The nice part is that the rules in the script automatically turn those counters into a variety of statistics then format and present the statistics in a dynamically generated MBean displayed in the JMX console. Even nicer the rules in the script control what gets counted and how it gets presented. So, if you can write a rule to count events you are interested in, either in JVM code or in your application code, then you can automatically present this data as statistics. The MBean gets installed when you load your Byteman rules. Unload the rules and the MBean gets uninstalled. Tweak the rules and reload them and you can measure different data. Ad hoc monitoring of your JVM or your app is now fully dynamic and takes just seconds.

In the rest of this blog I'm going to take a walk through how the script operates. For those who want to see the end result here is a quick look ahead at the MBean display for the JVM stats script. After that I talk about how the scripts are written. Hopefully, by the end of it you should know enough to be able to write your own counting rules and generate a statistics display for your own app. Here's the screenshot

JVMMBeanStats.txt is the script which was used to create and populate that MBean. First off let's see how it counts raw events. As one example, consider the following rule
# this rule counts Thread creates
RULE count thread creates
CLASS java.lang.Thread
METHOD <init>
AT EXIT
IF TRUE
DO debug("create thread " + $0.getName());
incrementCounter("thread creates")
ENDRULE

The rule gets injected into any constructor method of class java.lang.Thread and, since its condition is TRUE, it always fires. It uses the built-in method incrementCounter to add one to the counter identified by the String object "thread creates". Now, every thread create, whether for a java.lang.Thread or for a subclass of java.lang.Thread will end up executing one of the constructor methods and triggering this rule.

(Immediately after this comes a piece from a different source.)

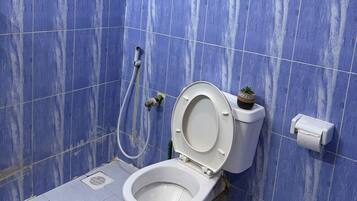 Une salle de bain avec des toilettes, un bidet et une fenêtre.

So, effectively the counter tracks the number of threads created in the JVM.

Note that the rule is injected AT EXIT -- i.e. it triggers just before the method returns. This ensures that the Thread instance has been initialised before the debug statement in the rule makes a call to Thread.getName().

It is obviously relatively simple to inject Byteman rules into any JVM or application method and have them increment or decrement counters in order to track what the runtime/application is doing. Note that method incrementCounter() can be provided with an extra integer argument defining the value to be added to the counter. Method readCounter() allows the counter to be reset to zero while retrieving the current count atomically. This makes it is possible to count in many different ways e.g. by adding in the value of a method parameter or field value each time the rule is triggered.

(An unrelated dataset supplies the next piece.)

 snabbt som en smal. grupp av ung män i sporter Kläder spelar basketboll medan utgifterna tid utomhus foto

Sometimes the location and condition of a rule need to be a little more sophisticated in order to ensure that only relevant events are counted. For example, the following rule only counts calls to run methods of Thread classes when they are entered from the VM.
# this rule counts Thread runs
RULE count thread run
CLASS ^java.lang.Thread
METHOD run()
# only count run when called from JVM i.e. when there is no caller frame
IF !callerMatches(".*")
DO debug("run thread " + $0.getName());
incrementCounter("thread runs")
ENDRULE

This rule uses the ^ notation in the CLASS clause. This means that the rule is injected down the class hierarchy i.e. not just into Thread.run() but also into any overriding implementation of run() defined by a subclass of Thread.

The condition in this rule uses the built-in operation callerMatches() to ensure that the call is made from the JVM itself (i.e. in response to a call to Thread.start()) rather than from Java code. Method callerMatches() is implemented with a variety of argument patterns; in this one the argument is a regular expression (regexp) to be matched against the name of the method which directly called the trigger method. callerMatches() returns true if the caller method name matches the regexp; if not it returns false. Here's an example of a call which would not fire the rule. In this case the caller method name would be runFooThread.
class FooThreadExecutor {
public runFooThread(FooThread fooThread) {
fooThread.run();
}
}
Now, the pattern ".*" in the Byteman rule will match any method name. So, in the example above the call returns true making the condition false. The only way callerMatches can return false when called with ".*" as an argument is if there is no caller frame in the stack when the run() method gets entered. This is precisely the situation where run() is called from the JVM as a result of some other thread calling Thread.start(). So, this rule does not count pseudo-run operations like the example above.

That's all very well as far as doing the raw counting is concerned but how do the statistics get sampled and displayed to the user? Well, there's a give away in the name of the example scripts, both of which contain the word MBean. The rules in both scripts employ a special helper class called JMXHelper which collects the raw counter data and then presents it in an MBean.

At the top of each script is a line like this
 HELPER org.jboss.byteman.sample.helper.JMXHelper
This means that all the rules in the script will use this class unless they specify their own helper by including a HELPER clause in the rule body. A rule's helper class is used to resolve built-in calls like the ones in the example rules above, incrementCounter() or debug(). Built-in calls have no target object and look like static method calls but without any package qualifier.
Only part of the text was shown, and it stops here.